[Data items]

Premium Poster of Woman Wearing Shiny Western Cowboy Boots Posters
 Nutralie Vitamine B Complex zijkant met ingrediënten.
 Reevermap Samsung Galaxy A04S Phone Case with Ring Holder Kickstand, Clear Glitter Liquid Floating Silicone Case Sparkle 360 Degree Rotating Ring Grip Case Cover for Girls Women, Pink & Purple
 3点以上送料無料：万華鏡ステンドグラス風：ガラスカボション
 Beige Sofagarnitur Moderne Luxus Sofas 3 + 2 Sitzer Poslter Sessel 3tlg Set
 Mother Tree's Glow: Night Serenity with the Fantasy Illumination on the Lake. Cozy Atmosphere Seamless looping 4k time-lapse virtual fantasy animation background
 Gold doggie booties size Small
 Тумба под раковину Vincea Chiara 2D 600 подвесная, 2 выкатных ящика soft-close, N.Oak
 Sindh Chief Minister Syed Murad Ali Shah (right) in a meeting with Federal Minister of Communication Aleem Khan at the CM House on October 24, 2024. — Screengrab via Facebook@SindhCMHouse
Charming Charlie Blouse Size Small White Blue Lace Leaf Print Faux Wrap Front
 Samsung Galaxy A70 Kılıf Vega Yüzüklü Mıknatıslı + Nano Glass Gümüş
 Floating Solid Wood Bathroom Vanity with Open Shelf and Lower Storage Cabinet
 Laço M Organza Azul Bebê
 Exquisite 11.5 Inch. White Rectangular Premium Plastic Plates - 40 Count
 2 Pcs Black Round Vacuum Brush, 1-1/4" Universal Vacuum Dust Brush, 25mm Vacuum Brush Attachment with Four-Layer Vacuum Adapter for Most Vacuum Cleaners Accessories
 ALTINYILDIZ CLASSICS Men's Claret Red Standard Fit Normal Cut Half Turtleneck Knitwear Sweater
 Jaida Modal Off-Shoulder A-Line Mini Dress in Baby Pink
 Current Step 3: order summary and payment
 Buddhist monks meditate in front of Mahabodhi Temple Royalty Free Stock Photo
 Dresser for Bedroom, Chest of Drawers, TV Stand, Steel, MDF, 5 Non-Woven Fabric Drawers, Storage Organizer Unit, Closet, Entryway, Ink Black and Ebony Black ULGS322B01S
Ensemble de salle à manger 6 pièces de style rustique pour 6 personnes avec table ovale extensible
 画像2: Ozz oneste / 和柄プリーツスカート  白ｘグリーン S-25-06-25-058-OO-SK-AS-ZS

[TASK BRIEF] Word for word, repeat the records above.

[RESPONSE TO THIS EXERCISE]
Premium Poster of Woman Wearing Shiny Western Cowboy Boots Posters
 Nutralie Vitamine B Complex zijkant met ingrediënten.
 Reevermap Samsung Galaxy A04S Phone Case with Ring Holder Kickstand, Clear Glitter Liquid Floating Silicone Case Sparkle 360 Degree Rotating Ring Grip Case Cover for Girls Women, Pink & Purple
 3点以上送料無料：万華鏡ステンドグラス風：ガラスカボション
 Beige Sofagarnitur Moderne Luxus Sofas 3 + 2 Sitzer Poslter Sessel 3tlg Set
 Mother Tree's Glow: Night Serenity with the Fantasy Illumination on the Lake. Cozy Atmosphere Seamless looping 4k time-lapse virtual fantasy animation background
 Gold doggie booties size Small
 Тумба под раковину Vincea Chiara 2D 600 подвесная, 2 выкатных ящика soft-close, N.Oak
 Sindh Chief Minister Syed Murad Ali Shah (right) in a meeting with Federal Minister of Communication Aleem Khan at the CM House on October 24, 2024. — Screengrab via Facebook@SindhCMHouse
Charming Charlie Blouse Size Small White Blue Lace Leaf Print Faux Wrap Front
 Samsung Galaxy A70 Kılıf Vega Yüzüklü Mıknatıslı + Nano Glass Gümüş
 Floating Solid Wood Bathroom Vanity with Open Shelf and Lower Storage Cabinet
 Laço M Organza Azul Bebê
 Exquisite 11.5 Inch. White Rectangular Premium Plastic Plates - 40 Count
 2 Pcs Black Round Vacuum Brush, 1-1/4" Universal Vacuum Dust Brush, 25mm Vacuum Brush Attachment with Four-Layer Vacuum Adapter for Most Vacuum Cleaners Accessories
 ALTINYILDIZ CLASSICS Men's Claret Red Standard Fit Normal Cut Half Turtleneck Knitwear Sweater
 Jaida Modal Off-Shoulder A-Line Mini Dress in Baby Pink
 Current Step 3: order summary and payment
 Buddhist monks meditate in front of Mahabodhi Temple Royalty Free Stock Photo
 Dresser for Bedroom, Chest of Drawers, TV Stand, Steel, MDF, 5 Non-Woven Fabric Drawers, Storage Organizer Unit, Closet, Entryway, Ink Black and Ebony Black ULGS322B01S
Ensemble de salle à manger 6 pièces de style rustique pour 6 personnes avec table ovale extensible
 画像2: Ozz oneste / 和柄プリーツスカート  白ｘグリーン S-25-06-25-058-OO-SK-AS-ZS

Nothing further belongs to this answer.